Prior to version 1.0.14 of MailCorral, filter notification, text inserts into the message being delivered were sometimes inserted in an inappropriate location within the message, due to the complex nature of some HTML messages. Similarly, messages that were poorly formed would not be altered correctly when the text insert was added. All of these problems have been fixed so that the vast majority of messages will be altered properly and the user will no longer see any problems caused by insertion of text at the wrong location within the message. Furthermore, inserts are now encoded back into their original form, whatever content encoding that is, so that the message will appear even less obviously altered, to the user. Another good reason to deploy this latest version of MailCorral.
MailCorral is used to filter mail delivered to Unix and Linux systems via the standard Simple Mail Transfer Protocol interface. As such, it watches all mail traffic entering your system and inspects it for the presence of harmful viruses and annoying spam.
The advantage of filtering mail on the Unix/Linux system delivering it is that MailCorral can stop viruses and spam before they ever get to the recipients. This can reduce network traffic (for spam) and guarantee that a virus will not get launched by mistake.

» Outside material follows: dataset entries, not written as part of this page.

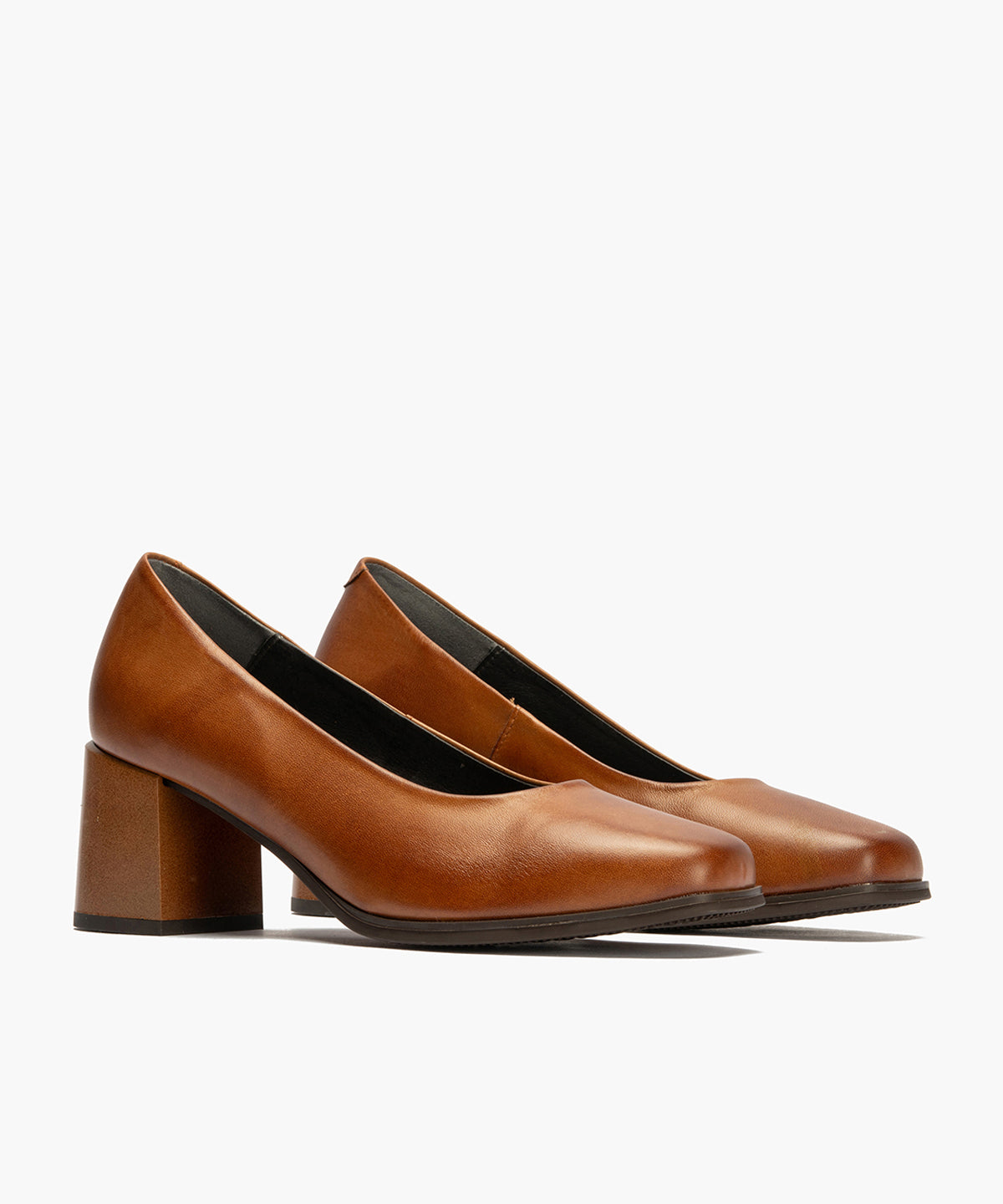 Zapato de Salón Mujer Tacón Alto Marrón Claro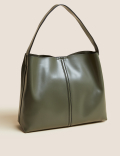 Faux Leather Shoulder Bag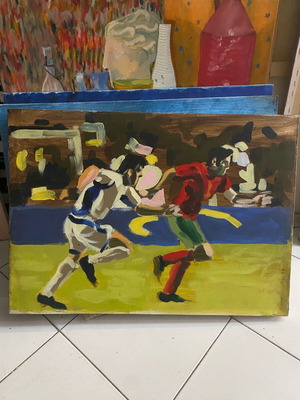 Painting used by students of Ornerakis school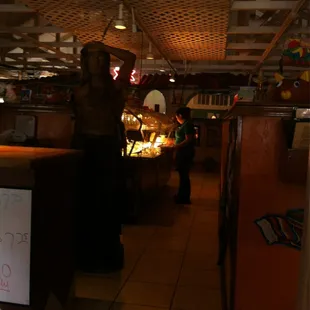 a man standing at the counter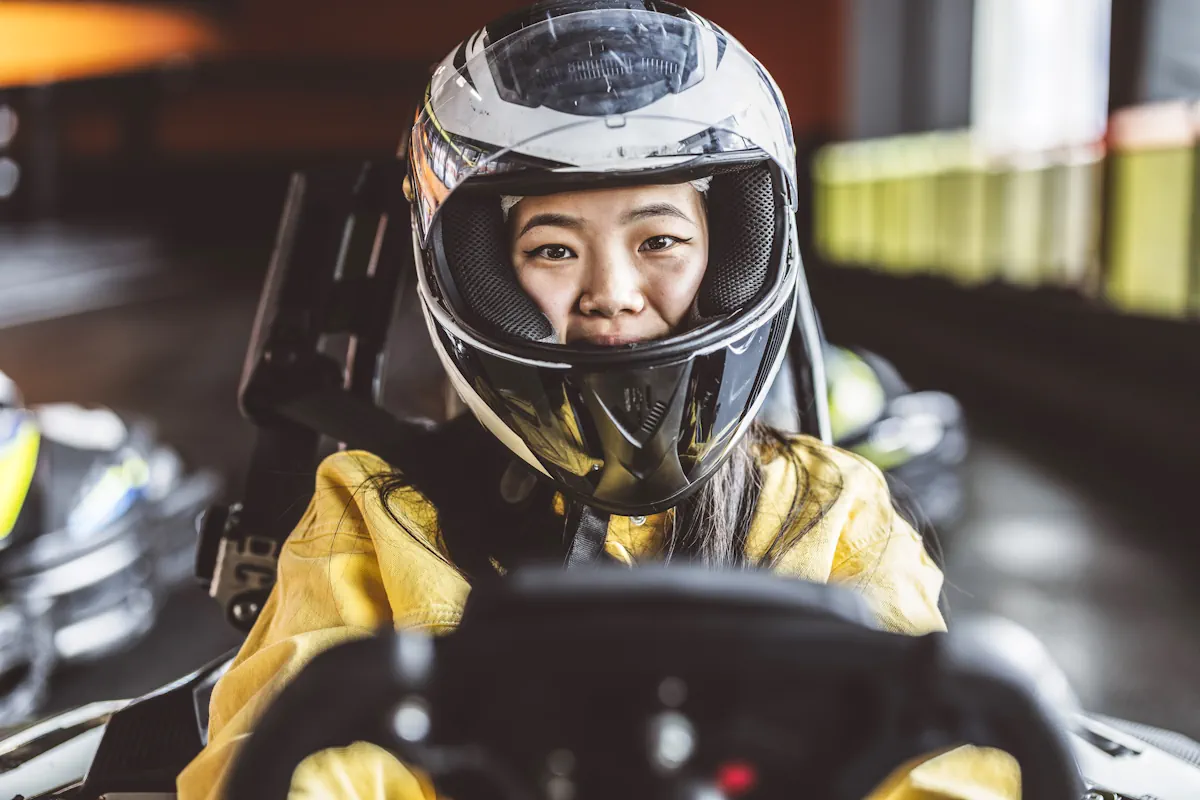 Une femme pilote de F1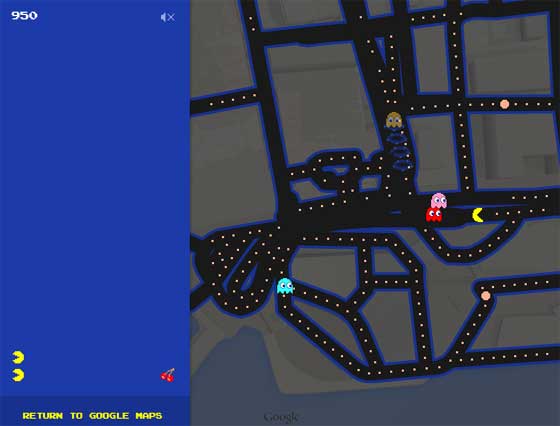 Google Maps 食鬼 Pac Man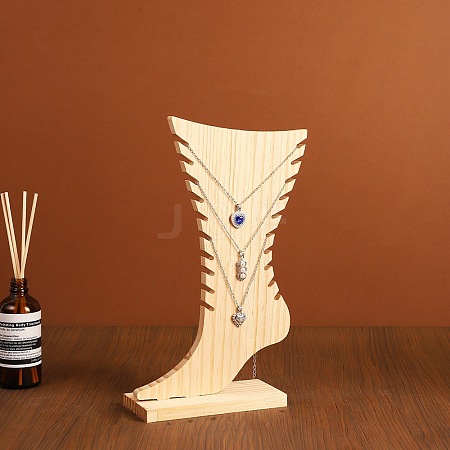 Leg Shaped Wood Anklet Display Stands WD-CBA482F-01B-1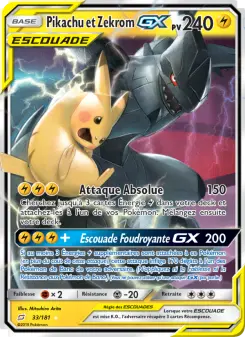 Pikachu et Zekrom GX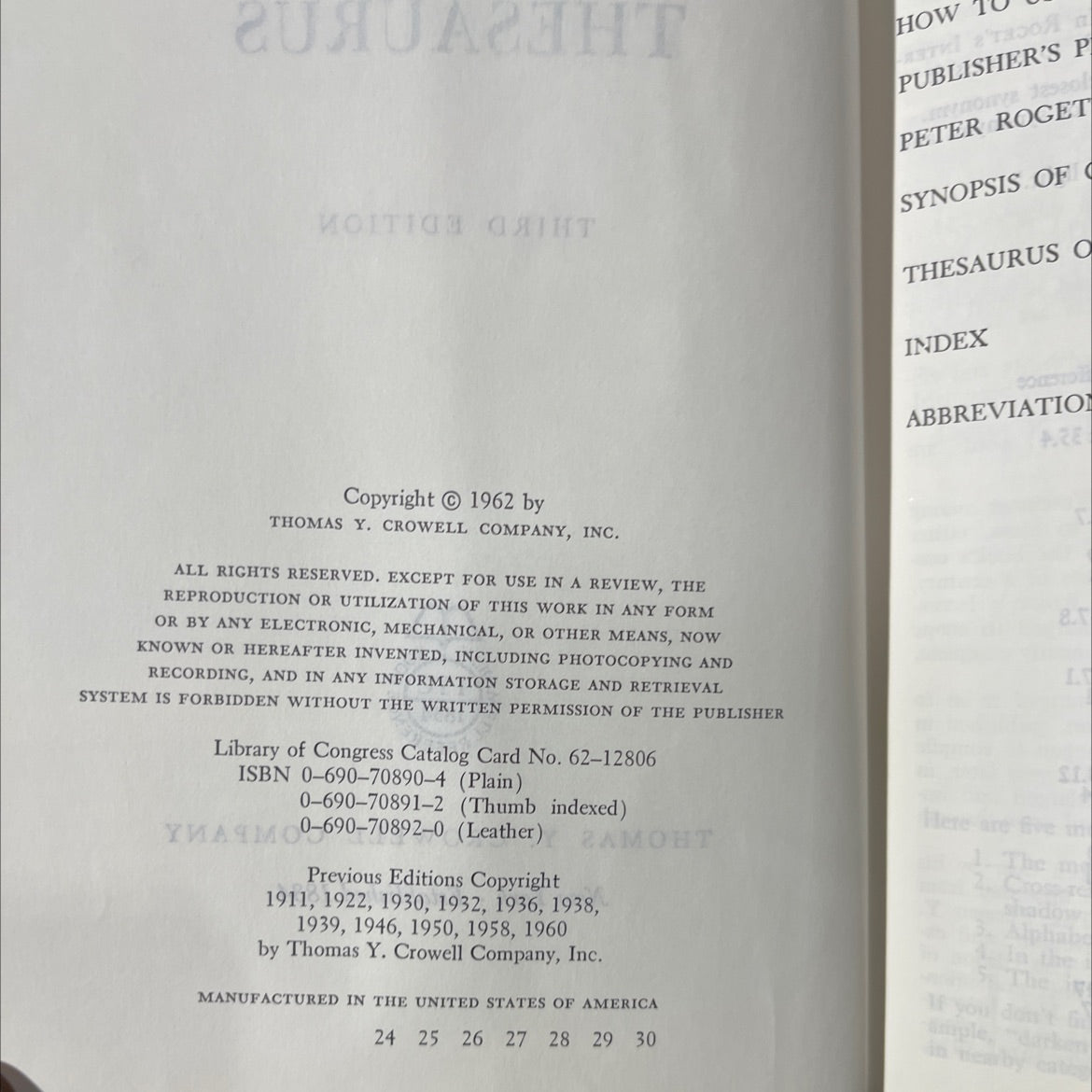 roget's international thesaurus book, by peter roget, 1962 Hardcover image 3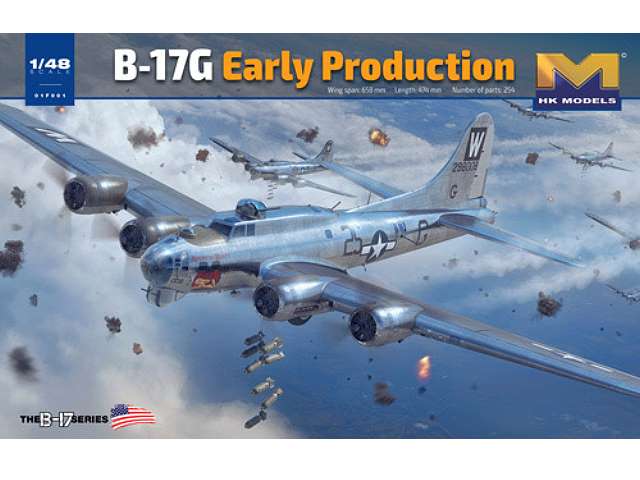 1/48 Hong Kong Models - B-17G Flying Fortress Early Production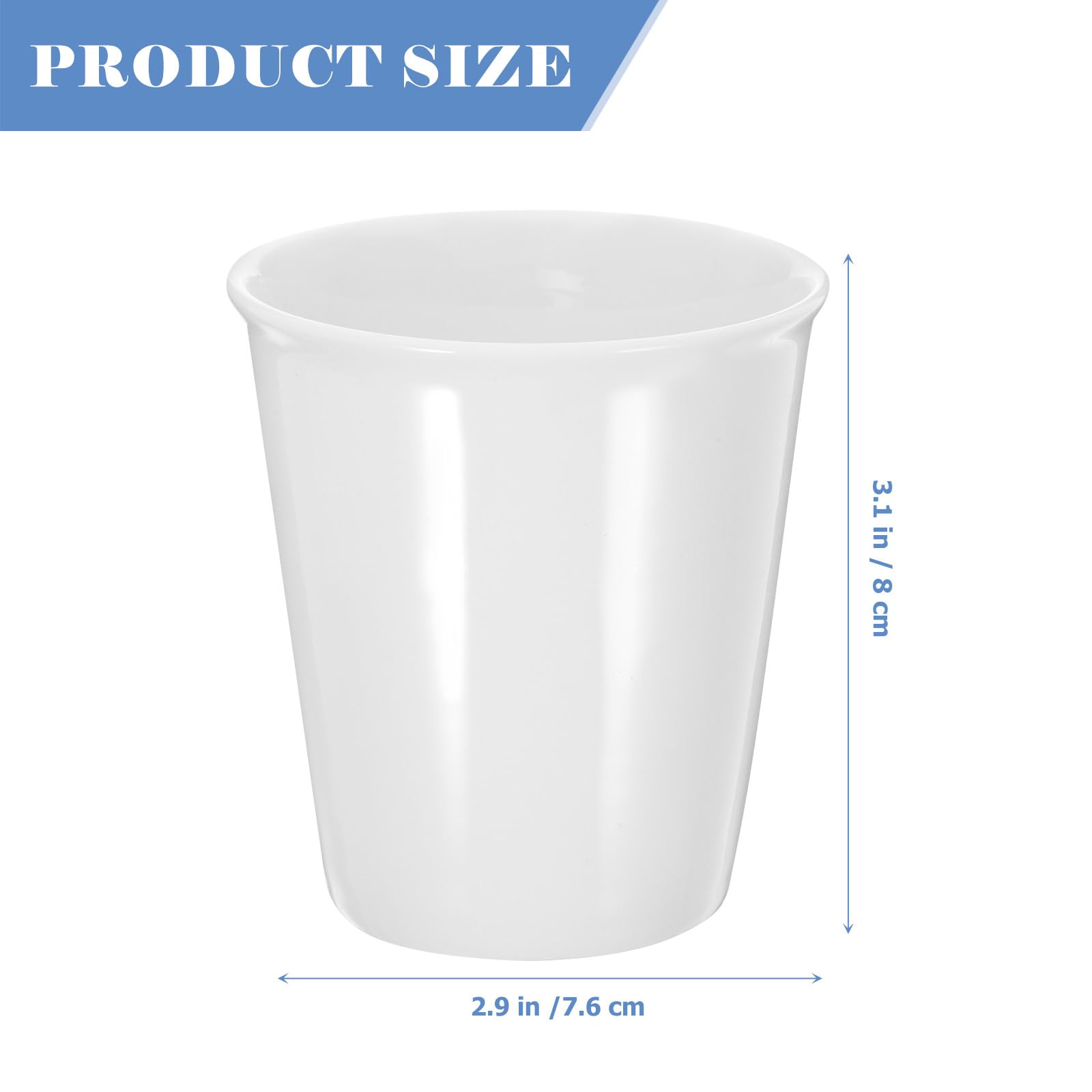 BESPORTBLE Keramik Trinkbecher Leicht zu Reinigen in Papierbecher Form 10 Stück-pack Modisch und Praktisch 180ml Weiß für Zuhause oder Kaffeehaus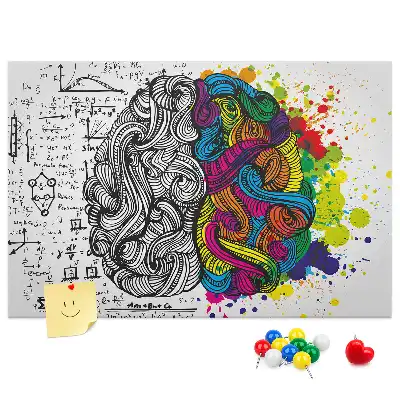 Tableau en liège décoratif motif psychologie de la pensée
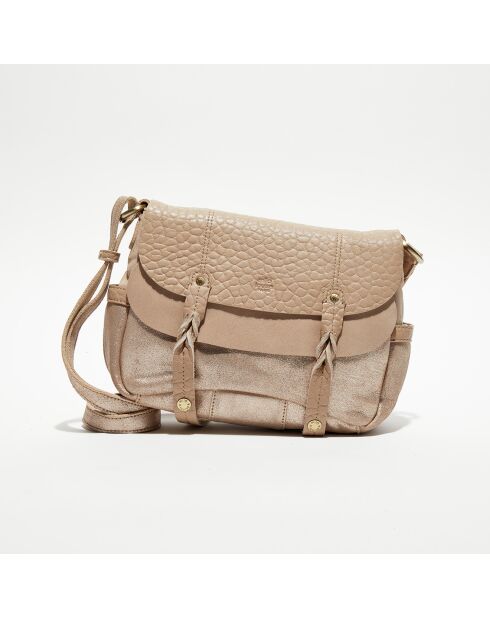 Sac besace en Cuir Less rose - 25x20x7 cm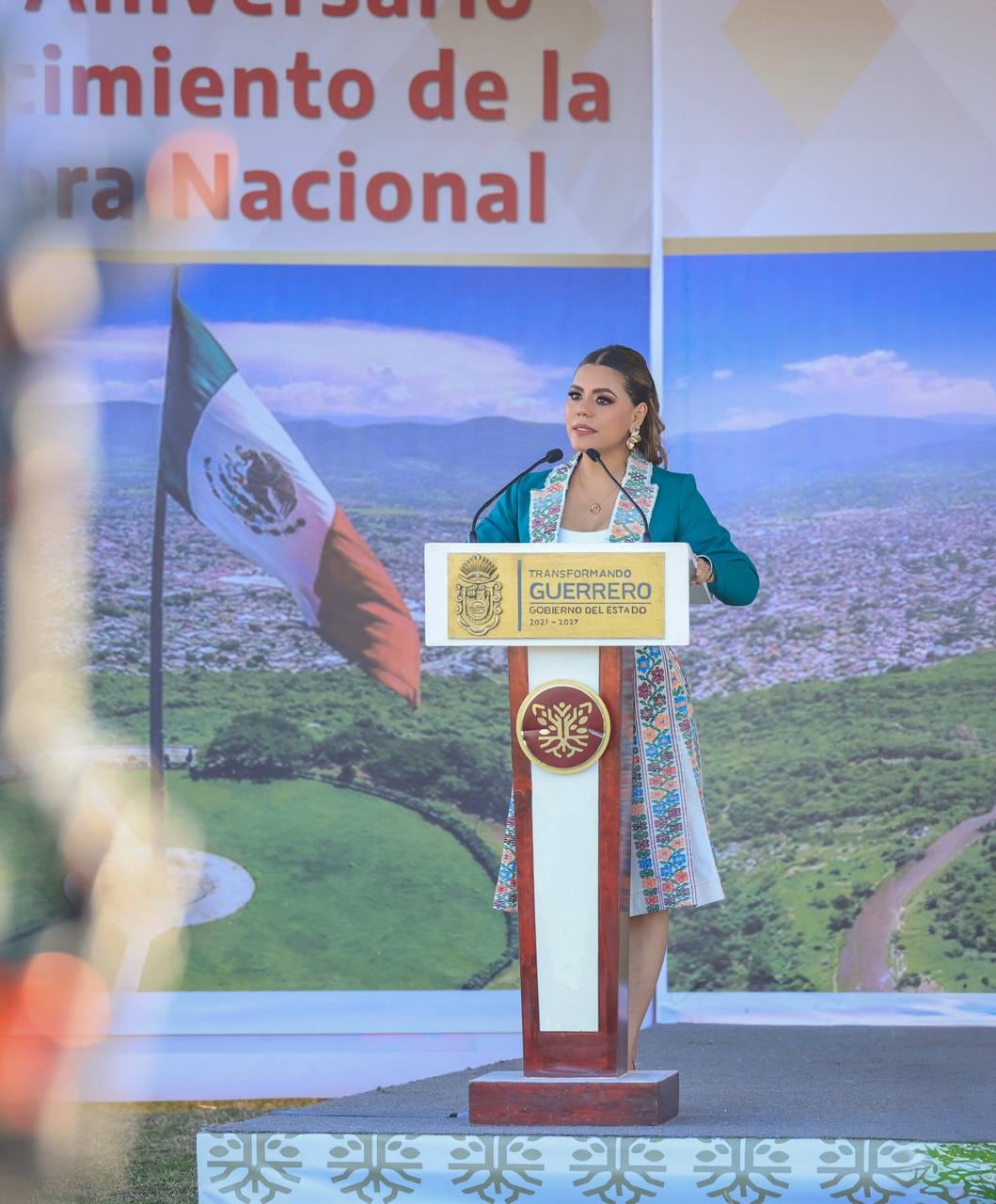 Evelyn Salgado conmemoró el Día de la Bandera 2025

In addition to MailCorral, SpamCorral is available, from BSM Development, for handling spam that has been sidelined and not delivered by the mail filter. Options allow the spam to be placed in a holding area, from whence a notification is sent to the recipients on a regular basis. If they decide, in response to notification, that they would like to see the spam after all, it may be automatically released from the holding area and delivered to the recipient.
A collection of test mail messages is offered which can be used to validate your installation's virus filtering and spam rejection capabilities (regardless of how they are provided). These test messages are specially-crafted to validate known methods of virus propagation, using killed viruses which can do no damage. Auditing your system's virus filtering capabilities, in this manner, is an excellent way to detect security holes and repair them before they are exploited by malicious users wanting to infect your system (think of it as vaccination for your system). Checking your system's spam rejection capabilities will prevent your users from being annoyed by and wasting their time with spurious junk.
Also available is an outbound mail redirector which can be used for small installations wanting to send mail from their internal networks through an Internet Service Provider that only accepts mail from individual users. Systems that must support multiple users and virtual domains through a typical ISP account will find this product useful.